Why Niching is Critical For Your Business

Question of the Week

Why Niching is Critical For Your Business

Happy Friday, all!

I hope you’ve had a fantastic week. I’ve had a lot of conversations around growing income this week with both established and new business owners. And the topic that continues to come up is the idea of niching your business.

This week, I dive it what niching is and why it’s the most critical business decision you’ll make.

 

What is niching?

In short, niching is specializing. It hones in on a specific set of products or services rather than trying to sell a wide variety or do many different things.

At first, niching seems counterintuitive: don’t you want to do a wide variety of things, so you have the chance at getting the most customers? Nope!

There are a ton of benefits of becoming specialized and focusing on what you do. Keep reading to learn more.

 

Benefits of niching

While it’s scary to limit your client base, doing so opens up many more possibilities for you.

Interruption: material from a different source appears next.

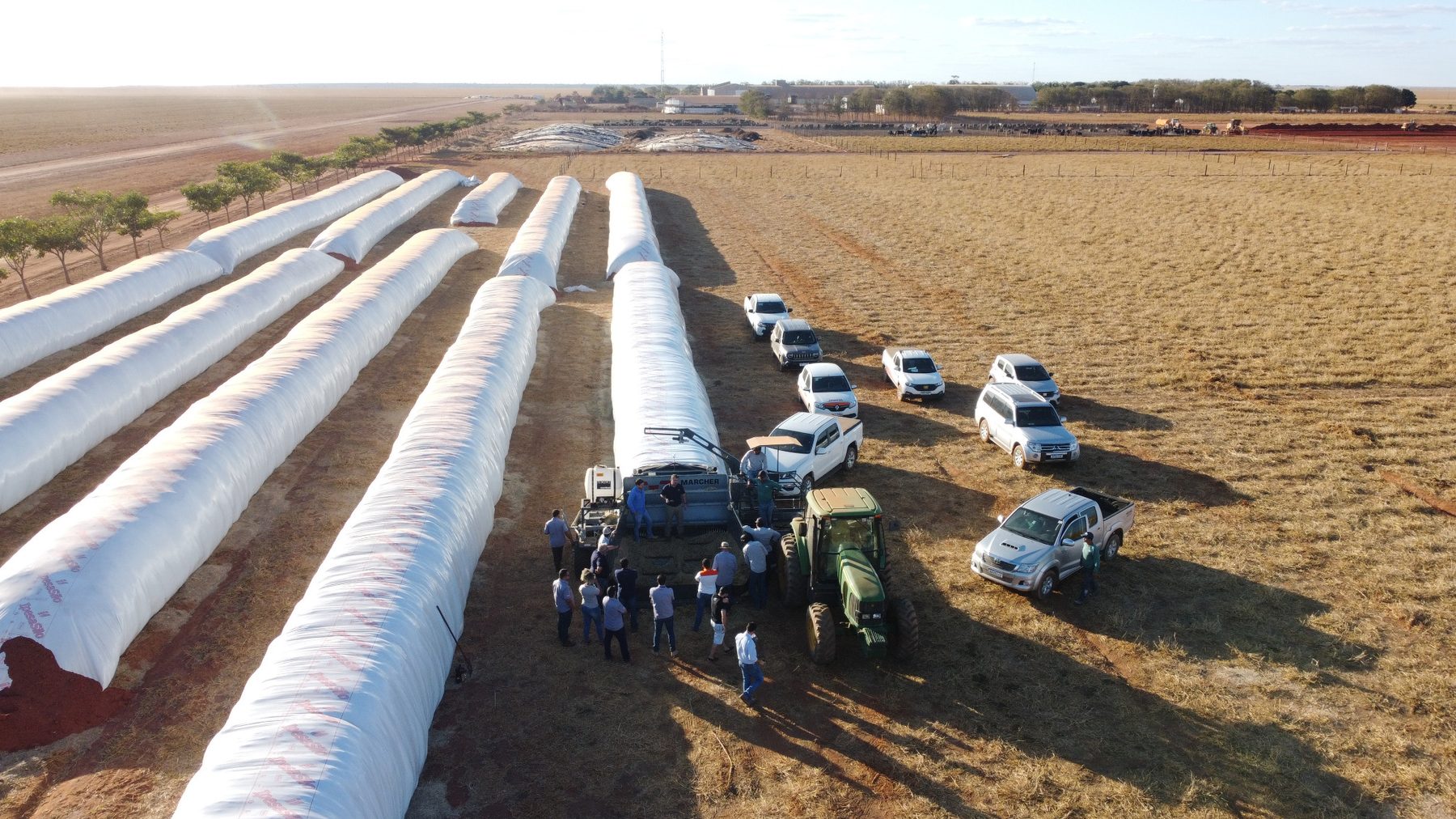 Armazenamento de grãos processados em silo-bolsa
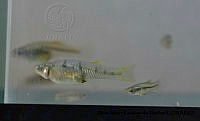AAKVDH 0324 Poeciliopsis prolifica.JPG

First, it allows you to focus. It focuses your message, marketing, and offerings. You concentrate your message on what those clients want and need by speaking to a specific, small audience. And by focusing on their needs and solving your problem, your business becomes one of attraction rather than promotion. In other words, your people seek you out because you provide solutions to the issues they need resolving.

Second, it gets you better at what you do. By repeatedly working on and getting into the details of your specific client set, you become more skilled and efficient at what you do. It also allows you to strengthen your offerings as you adjust and fix problems in your process in ways that most benefit your clients. And as a by-product, you become established and an expert in your field.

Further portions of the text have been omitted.